• EXERCISE GOAL
For this exercise, please transcribe exactly and only the lines from the one containing "Apartment Matko by Interhome - Foto 4" through the end of the material, both ends included, without pictures.
START RECORDS TO PROCESS
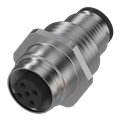 Balluff BCC M455-M455-3B-RM103-000 Bulkheads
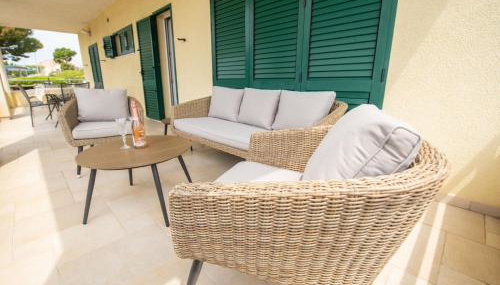 Apartment Matko by Interhome - Foto 4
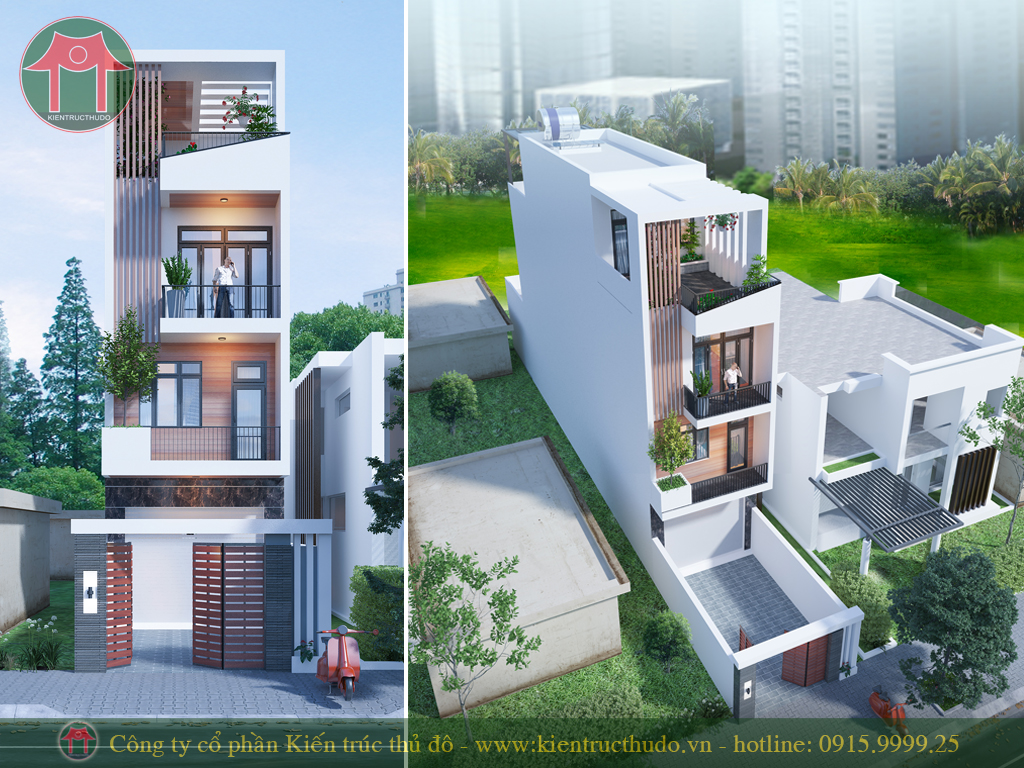 thiet-ke-nha-3-tang-tai-lang-son-02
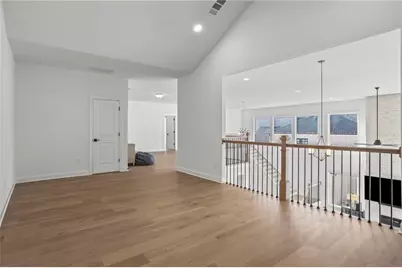 2931 Treeside Terrace, Marietta, GA 30066 - Photo 48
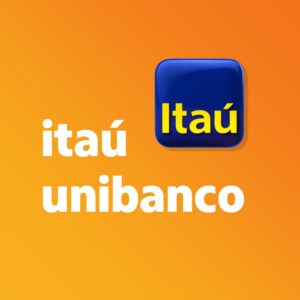 Itaú Unibanco é o novo gestor da folha de pagamento do governo de Minas Gerais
END RECORDS TO PROCESS
• PROBLEM SOLUTION
 Apartment Matko by Interhome - Foto 4
 thiet-ke-nha-3-tang-tai-lang-son-02
 2931 Treeside Terrace, Marietta, GA 30066 - Photo 48
 Itaú Unibanco é o novo gestor da folha de pagamento do governo de Minas Gerais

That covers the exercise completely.